_Provided entries:_
....................

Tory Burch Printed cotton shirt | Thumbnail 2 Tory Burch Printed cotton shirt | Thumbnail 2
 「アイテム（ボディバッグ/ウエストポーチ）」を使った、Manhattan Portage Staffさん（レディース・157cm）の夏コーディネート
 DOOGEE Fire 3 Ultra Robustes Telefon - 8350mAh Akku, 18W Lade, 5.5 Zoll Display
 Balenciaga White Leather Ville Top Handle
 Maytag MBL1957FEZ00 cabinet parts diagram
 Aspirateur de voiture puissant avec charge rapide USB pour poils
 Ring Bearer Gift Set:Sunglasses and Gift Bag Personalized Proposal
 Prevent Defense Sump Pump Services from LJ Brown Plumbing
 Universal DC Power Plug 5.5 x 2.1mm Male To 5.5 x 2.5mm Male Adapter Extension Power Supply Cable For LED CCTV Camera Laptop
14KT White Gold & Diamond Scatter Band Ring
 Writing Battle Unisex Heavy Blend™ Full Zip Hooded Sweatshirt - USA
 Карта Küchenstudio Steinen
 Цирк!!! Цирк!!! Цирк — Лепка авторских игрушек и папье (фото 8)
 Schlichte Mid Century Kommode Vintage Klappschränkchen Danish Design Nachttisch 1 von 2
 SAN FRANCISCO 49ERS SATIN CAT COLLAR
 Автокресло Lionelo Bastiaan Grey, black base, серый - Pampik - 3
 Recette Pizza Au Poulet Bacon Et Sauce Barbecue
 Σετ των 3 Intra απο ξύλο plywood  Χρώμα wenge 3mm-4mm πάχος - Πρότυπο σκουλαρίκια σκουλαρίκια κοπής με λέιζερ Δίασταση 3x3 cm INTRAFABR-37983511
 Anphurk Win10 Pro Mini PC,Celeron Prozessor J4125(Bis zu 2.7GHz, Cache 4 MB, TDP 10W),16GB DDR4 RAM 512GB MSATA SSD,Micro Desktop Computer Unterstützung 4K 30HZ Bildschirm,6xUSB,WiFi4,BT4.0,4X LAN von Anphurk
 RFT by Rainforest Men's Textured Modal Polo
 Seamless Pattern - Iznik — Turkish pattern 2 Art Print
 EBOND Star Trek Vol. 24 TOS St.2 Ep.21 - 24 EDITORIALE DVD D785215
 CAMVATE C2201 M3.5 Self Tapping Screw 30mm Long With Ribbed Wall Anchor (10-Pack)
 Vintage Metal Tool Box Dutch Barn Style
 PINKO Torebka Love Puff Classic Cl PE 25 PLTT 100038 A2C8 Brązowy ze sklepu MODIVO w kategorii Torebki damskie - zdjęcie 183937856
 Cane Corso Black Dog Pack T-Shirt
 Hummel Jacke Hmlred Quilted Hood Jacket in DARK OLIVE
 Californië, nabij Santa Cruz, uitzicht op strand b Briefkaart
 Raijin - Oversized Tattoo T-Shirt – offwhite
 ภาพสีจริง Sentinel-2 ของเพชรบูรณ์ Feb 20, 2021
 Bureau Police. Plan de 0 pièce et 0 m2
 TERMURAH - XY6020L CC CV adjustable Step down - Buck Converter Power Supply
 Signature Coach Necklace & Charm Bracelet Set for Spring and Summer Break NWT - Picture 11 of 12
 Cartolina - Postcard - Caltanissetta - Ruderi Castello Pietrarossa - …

....................

_Aim of the exercise:_
Make an exact copy of all the lines above.

_Answer section:_
Tory Burch Printed cotton shirt | Thumbnail 2 Tory Burch Printed cotton shirt | Thumbnail 2
 「アイテム（ボディバッグ/ウエストポーチ）」を使った、Manhattan Portage Staffさん（レディース・157cm）の夏コーディネート
 DOOGEE Fire 3 Ultra Robustes Telefon - 8350mAh Akku, 18W Lade, 5.5 Zoll Display
 Balenciaga White Leather Ville Top Handle
 Maytag MBL1957FEZ00 cabinet parts diagram
 Aspirateur de voiture puissant avec charge rapide USB pour poils
 Ring Bearer Gift Set:Sunglasses and Gift Bag Personalized Proposal
 Prevent Defense Sump Pump Services from LJ Brown Plumbing
 Universal DC Power Plug 5.5 x 2.1mm Male To 5.5 x 2.5mm Male Adapter Extension Power Supply Cable For LED CCTV Camera Laptop
14KT White Gold & Diamond Scatter Band Ring
 Writing Battle Unisex Heavy Blend™ Full Zip Hooded Sweatshirt - USA
 Карта Küchenstudio Steinen
 Цирк!!! Цирк!!! Цирк — Лепка авторских игрушек и папье (фото 8)
 Schlichte Mid Century Kommode Vintage Klappschränkchen Danish Design Nachttisch 1 von 2
 SAN FRANCISCO 49ERS SATIN CAT COLLAR
 Автокресло Lionelo Bastiaan Grey, black base, серый - Pampik - 3
 Recette Pizza Au Poulet Bacon Et Sauce Barbecue
 Σετ των 3 Intra απο ξύλο plywood  Χρώμα wenge 3mm-4mm πάχος - Πρότυπο σκουλαρίκια σκουλαρίκια κοπής με λέιζερ Δίασταση 3x3 cm INTRAFABR-37983511
 Anphurk Win10 Pro Mini PC,Celeron Prozessor J4125(Bis zu 2.7GHz, Cache 4 MB, TDP 10W),16GB DDR4 RAM 512GB MSATA SSD,Micro Desktop Computer Unterstützung 4K 30HZ Bildschirm,6xUSB,WiFi4,BT4.0,4X LAN von Anphurk
 RFT by Rainforest Men's Textured Modal Polo
 Seamless Pattern - Iznik — Turkish pattern 2 Art Print
 EBOND Star Trek Vol. 24 TOS St.2 Ep.21 - 24 EDITORIALE DVD D785215
 CAMVATE C2201 M3.5 Self Tapping Screw 30mm Long With Ribbed Wall Anchor (10-Pack)
 Vintage Metal Tool Box Dutch Barn Style
 PINKO Torebka Love Puff Classic Cl PE 25 PLTT 100038 A2C8 Brązowy ze sklepu MODIVO w kategorii Torebki damskie - zdjęcie 183937856
 Cane Corso Black Dog Pack T-Shirt
 Hummel Jacke Hmlred Quilted Hood Jacket in DARK OLIVE
 Californië, nabij Santa Cruz, uitzicht op strand b Briefkaart
 Raijin - Oversized Tattoo T-Shirt – offwhite
 ภาพสีจริง Sentinel-2 ของเพชรบูรณ์ Feb 20, 2021
 Bureau Police. Plan de 0 pièce et 0 m2
 TERMURAH - XY6020L CC CV adjustable Step down - Buck Converter Power Supply
 Signature Coach Necklace & Charm Bracelet Set for Spring and Summer Break NWT - Picture 11 of 12
 Cartolina - Postcard - Caltanissetta - Ruderi Castello Pietrarossa - …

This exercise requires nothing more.